Many students are very motivated by the idea of investing in the share market.
At the start of term, you could assign the students various sums of virtual money. Pairs of students (randomly assigned) are able to invest their “money” on the share market. Have students look in the financial pages of the newspaper to select how they will invest their money. It is useful to have outside visitors (for example, someone
from the local bank) come to discuss with students how to invest wisely. The investment is then “locked in” for the rest of the school term and the one following. At the end of that second term, students can find the value of their shares and calculate their gain (or loss).
Social Sciences Links
Social Sciences achievement objectives:
• Understand how people make decisions about access to and use of resources (Social Studies, level 3)
• Understand how producers and consumers exercise their rights and meet their responsibilities (Social Studies, level 4)
For Activity Two, the students could consider investigating the following questions: What rights and responsibilities does Tavita have as an investor (consumer of the stock exchange)? Who and what “protects” (governs) these rights and responsibilities?
Answers to Activities
1. a. The low-risk, low-return investment
b. After 2.5 years (5 rolls)
c. The high-risk, high-return investment
d. A dice roll of 1 decreases your investment by 25%, so you not only don’t get any
dividends, you may also end up with less money than you started with.

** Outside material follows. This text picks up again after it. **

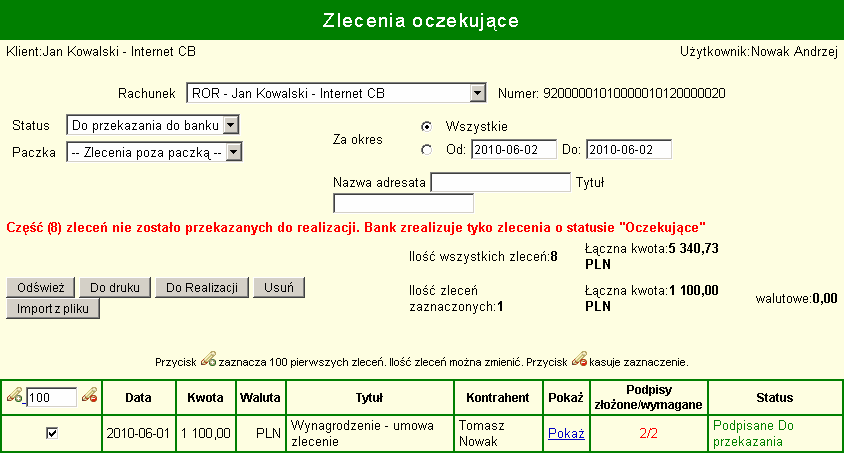 Uwaga. Ustawienia tego parametru mają znaczenie wyłącznie dla klientów korporacyjnych; polecenia przelewów klientów indywidualnych są kierowane do realizacji natychmiast po podpisaniu.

e. Answers may vary. In most cases, there is very little risk of losing your capital
investment, but although your capital may be safe, you won’t earn as much interest as on riskier investments. However, the advantages of feeling that your money is “safe” may outweigh the lower income from it.
2. Answers will vary, depending on the roll of the dice. Check your dice throw on the table below. (*The amounts in row 1 are the value of each investment after 6 months, year 6.)
A game simulating investment options, followed by discussion.
1.–2. Results and discussion will vary.
3. a. By throwing more 1s, you will either earn less money than you hoped or even lose money.
b. With each investment, you are more likely to earn money than to lose money. (There are three numbers on the dice where you earn money and only one number where you lose money.) However, with the highrisk, high-return plan, the risk of ending up with less money is elevated because of the high percentage involved. (With each individual roll, the risk of losing money is 1 in 6.)
1. 400 shares
2. a. $1,108
3. a. $32
b. 11 shares
• Answers will vary.
• If people invest in more than one company (possibly a mix of risk types), there is less chance of losing all your money if any one company fails. For example, if a high-risk investment loses money, you would most likely still have income from your low-risk investment.